■ Work request: Return the data verbatim, without pictures.

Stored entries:
-.-.-
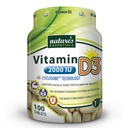 NATURE'S ESSENTIALS Vitamin D3 2000IU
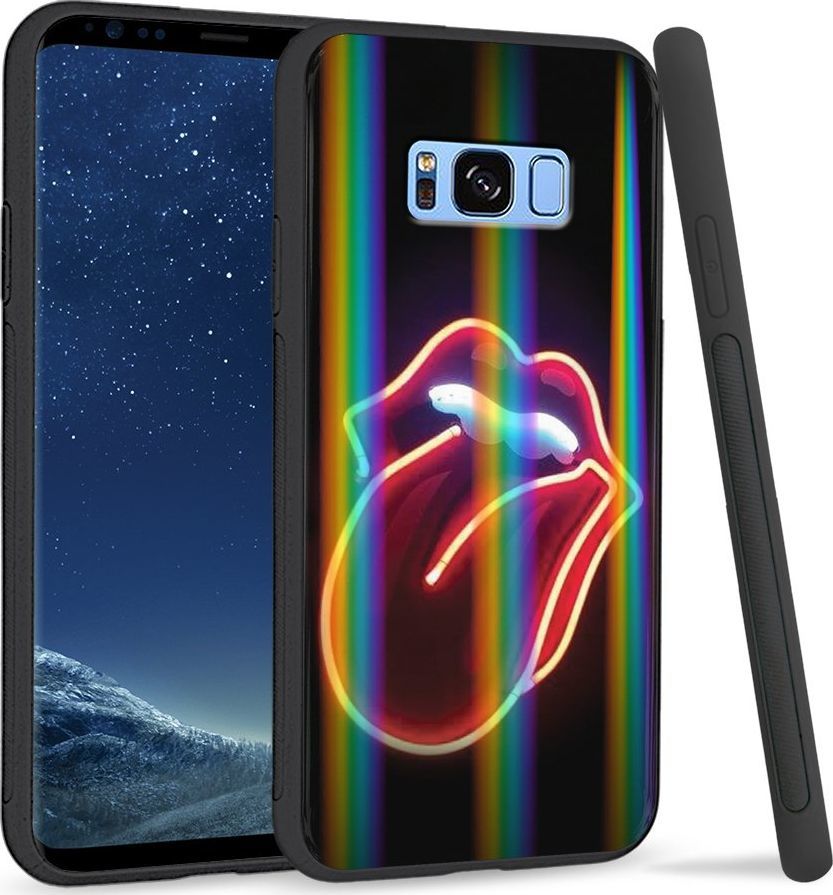 Super Fashion Etui Rainbow Series na Samsung S8 Plus Tongue 1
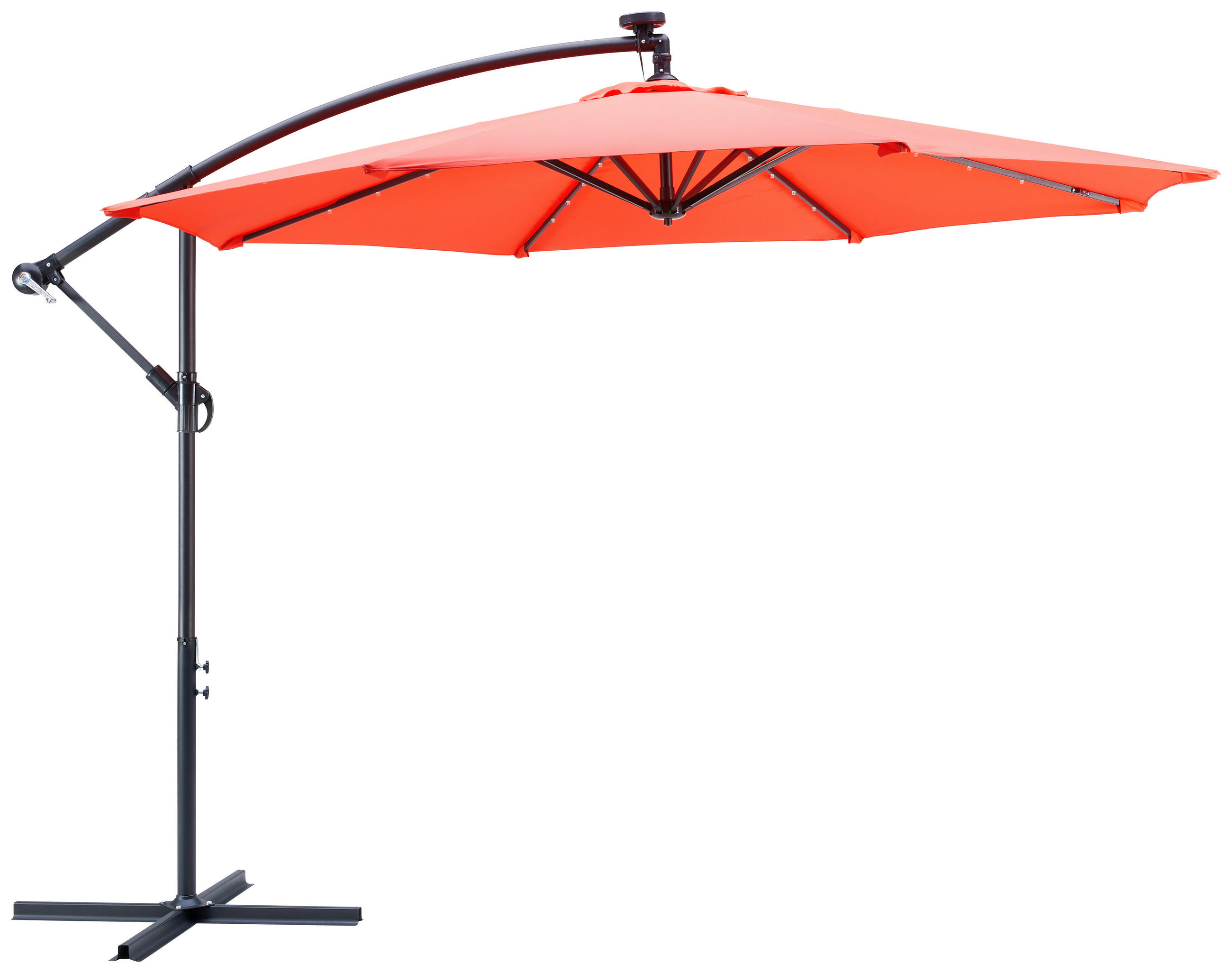 UMBRELĂ CU PICIOR LATERAL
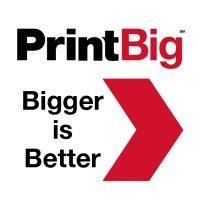 printbig • printbig.com logo image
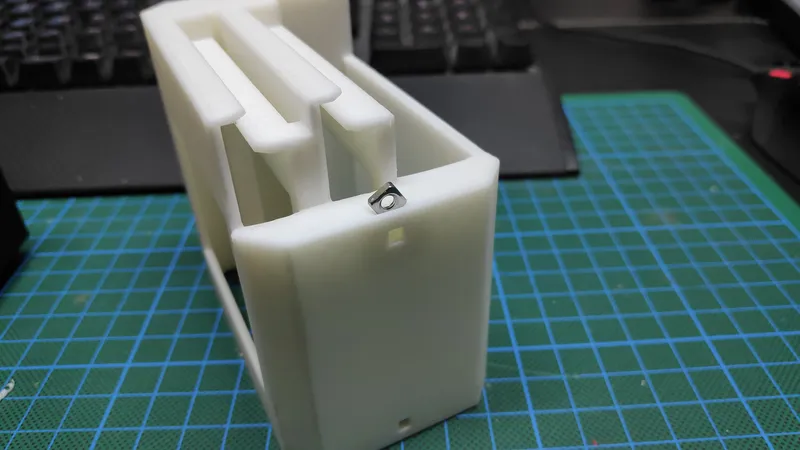 Preparing the Inner Case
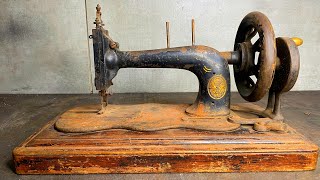 1882 SINGER Sewing Machine Restoration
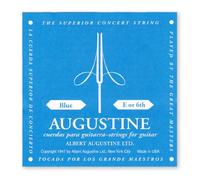 Augustine Cuerdas para Guitarra Clásica, Azul, Mi6, Tensión Alto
-.-.-
■ Solution:
 NATURE'S ESSENTIALS Vitamin D3 2000IU
 Super Fashion Etui Rainbow Series na Samsung S8 Plus Tongue 1
 UMBRELĂ CU PICIOR LATERAL
 printbig • printbig.com logo image
 Preparing the Inner Case
 1882 SINGER Sewing Machine Restoration
 Augustine Cuerdas para Guitarra Clásica, Azul, Mi6, Tensión Alto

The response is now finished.